Erano alcuni anni, ossia dal tempo in cui, per rendere più efficienti le comunicazioni, cercavamo di applicare le nuove tecnologie telematiche al lavoro di coordinamento delle Commissioni del Tavolo dei Cattolici, che discutevamo su come fare per dare voce alla Bassa Romagna ed a tutte le sue espressioni del mondo ecclesiale, della politica, della società civile, delle componenti sociali e del terzo settore. Il confronto delle idee fu proficuo, ma il vero padre del “PavaglioneLugo.net” è stato Arrigo: la sua passione per il giornalismo veniva da lontano e, quando intravide che le nuove tecnologie glielo consentivano, non tardò a mettere assieme l’indispensabile e far vela verso un’esperienza impareggiabile, densa di stimoli e prodiga di soddisfazioni.

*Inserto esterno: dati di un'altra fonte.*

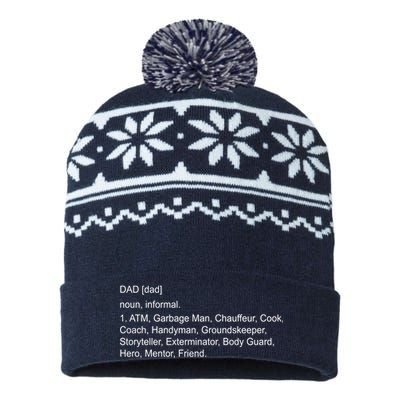 Definition Of A Dad USA-Made Snowflake Beanie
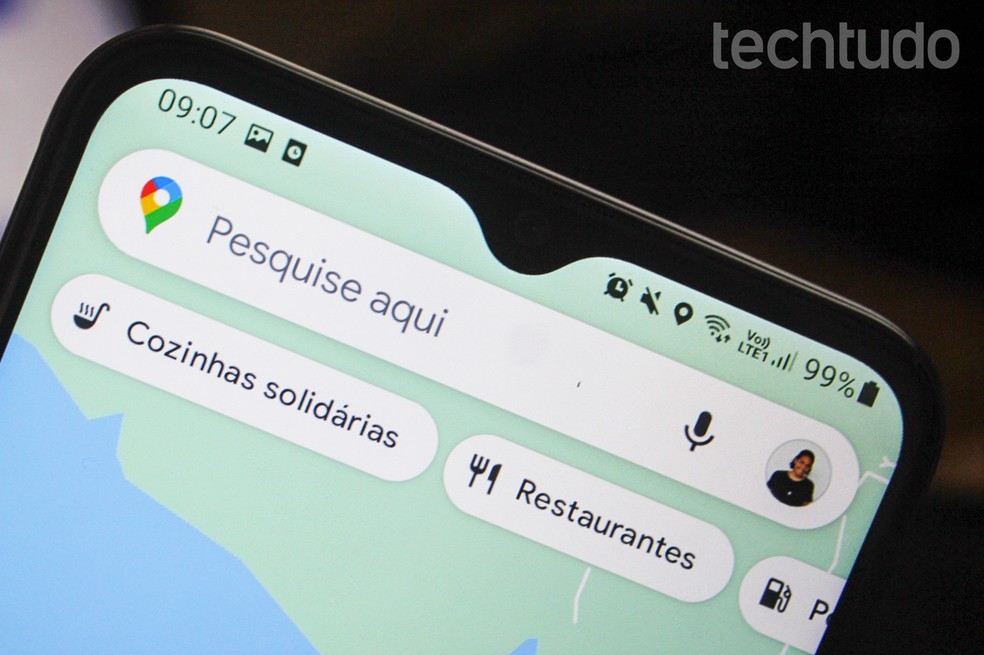 Google Maps também mostra o trânsito em tempo real — Foto: Marcela Franco/TechTudo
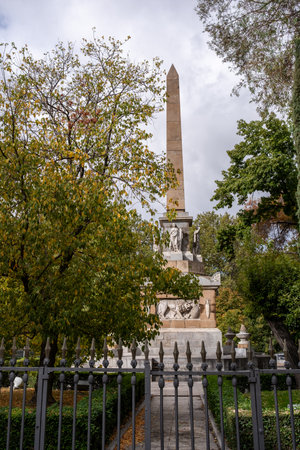 Monument to the Fallen, Lealtad Square in Madridの写真素材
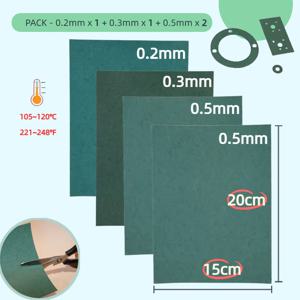 개스킷 용지 20x15cm | 찢어짐 방지 내열성 내유성 DIY 엔진 가스켓 스쿠터 오토바이 잔디 깎는 기계 전기톱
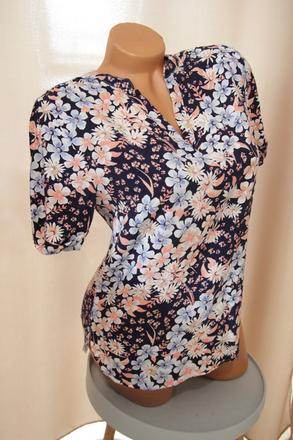 Viskózová kvetinová blúzka, xs, xs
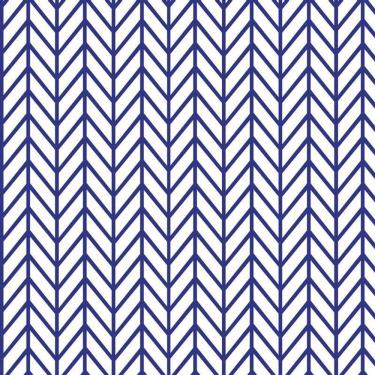 Imagem de Papel De Parede Chevron Azul Escuro E Branco Adesivo Sala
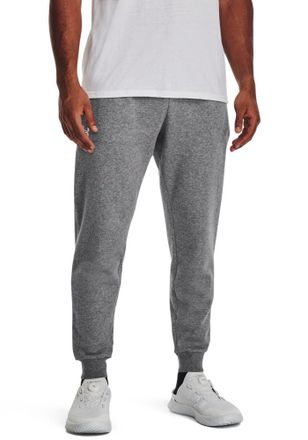 Under Armour Jogginghose UNDER ARMOUR UA Rival Fleece Jogginghose, Herren, Gr. XXL, N-Gr, grau (castlerock light heather), Obermaterial: 80% Baumwolle, 20% Polyest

Da uomo che aveva vissuto con impegno il ruolo di Dirigente del settore pubblico, aveva maturato la convinzione che la dimensione istituzionale deve avere forti ancoraggi storici, ma altrettanti presupposti di economicità e di efficienza. Da questo si capisce la sua idea dominante nel dibattito politico locale per la spinta innovativa che potrà avere la costituzione del Comune Unico della Bassa Romagna: frequenti sono stati i suoi corsivi al riguardo e, quando ci confrontavamo sui contenuti, trovavamo sempre una piena consonanza. Altro tema a lui caro era quello della difficoltà che incontravano i partiti che – secondo lui – dovevano continuare ad essere “portatori di ideali”, ad adattarsi al cambiamento dei tempi: le segreterie burocratiche, la carente consultazione della gente, i condizionamenti del potere ad ogni livello erano argomenti che lo vedevano sempre critico e insoddisfatto.

Una vita piena, senza pause se non quelle che servivano per concepire una nuova idea e confrontarla. In quanto Arrigo ha costruito in tutte le situazioni in cui si è impegnato c’è, come in tutte le cose umane, tanto di perfettibile; una cosa, la più preziosa, per lui è stato il bene perfetto: il grande amore per la sua famiglia.